» **Problem to solve**
Restate all entries exactly. Skip the images.
START Exercise input
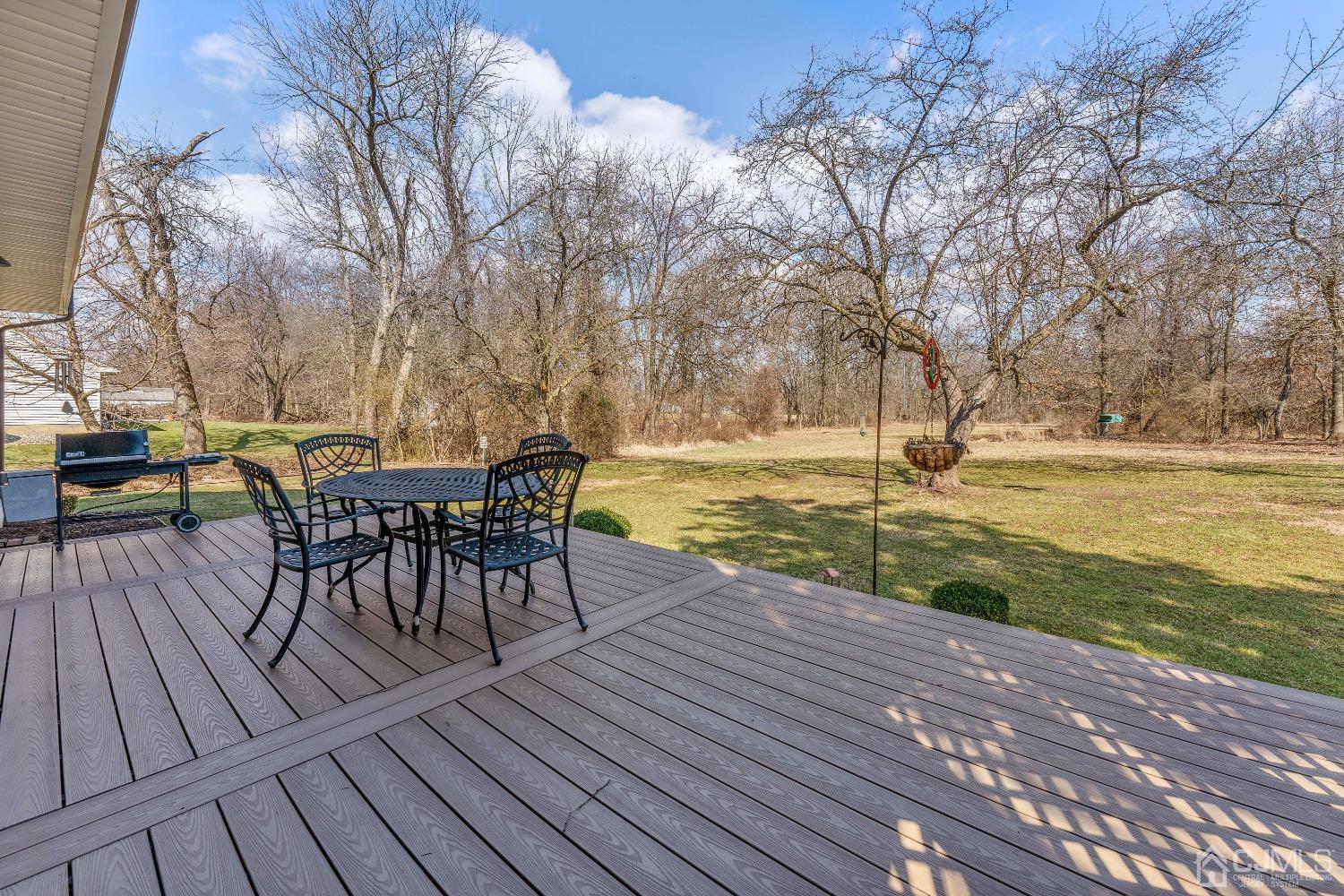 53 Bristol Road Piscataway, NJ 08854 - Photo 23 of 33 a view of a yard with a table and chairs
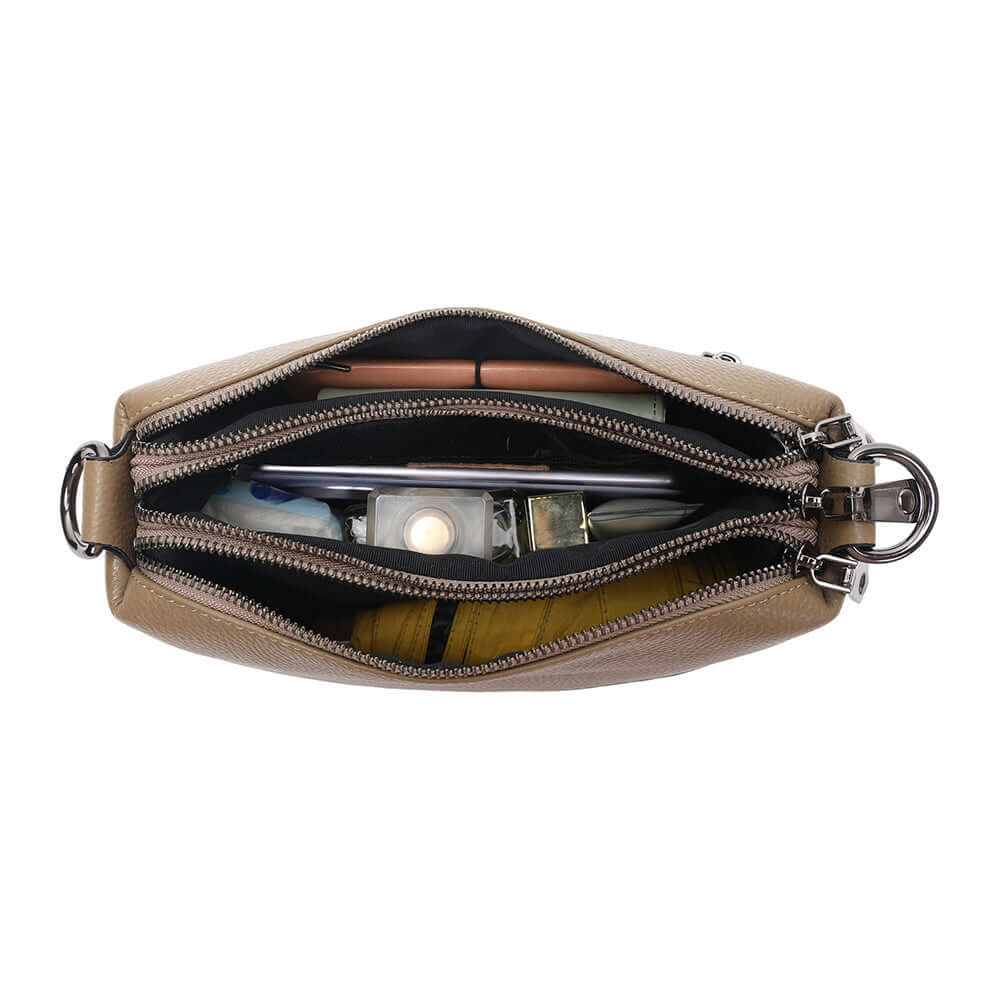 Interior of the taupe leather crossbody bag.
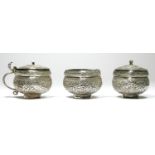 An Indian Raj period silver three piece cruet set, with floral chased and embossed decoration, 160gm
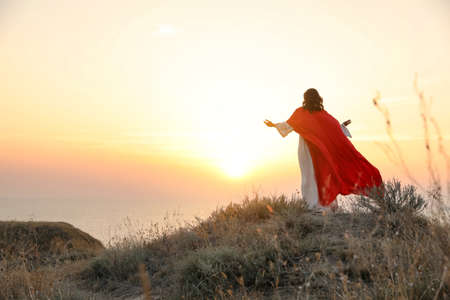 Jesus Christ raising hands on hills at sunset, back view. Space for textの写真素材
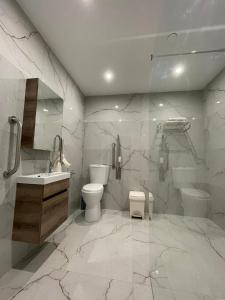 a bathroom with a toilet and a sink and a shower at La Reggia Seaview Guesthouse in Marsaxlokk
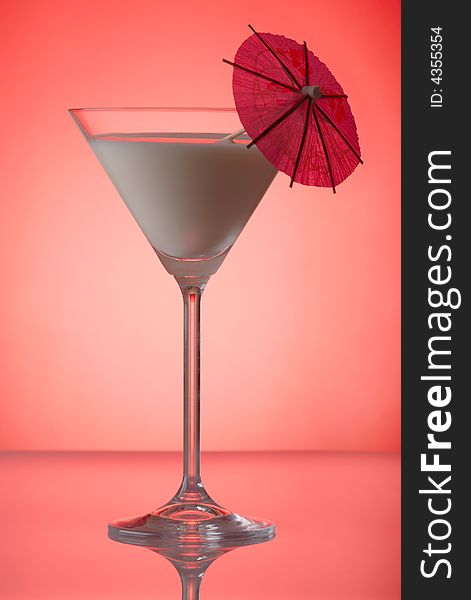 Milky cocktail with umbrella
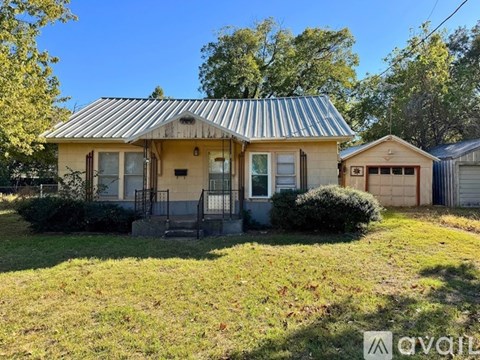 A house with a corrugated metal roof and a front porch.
END Exercise input
» **Response area**
 53 Bristol Road Piscataway, NJ 08854 - Photo 23 of 33 a view of a yard with a table and chairs
 Interior of the taupe leather crossbody bag.
 An Indian Raj period silver three piece cruet set, with floral chased and embossed decoration, 160gm
 Jesus Christ raising hands on hills at sunset, back view. Space for textの写真素材
 a bathroom with a toilet and a sink and a shower at La Reggia Seaview Guesthouse in Marsaxlokk
 Milky cocktail with umbrella
 A house with a corrugated metal roof and a front porch.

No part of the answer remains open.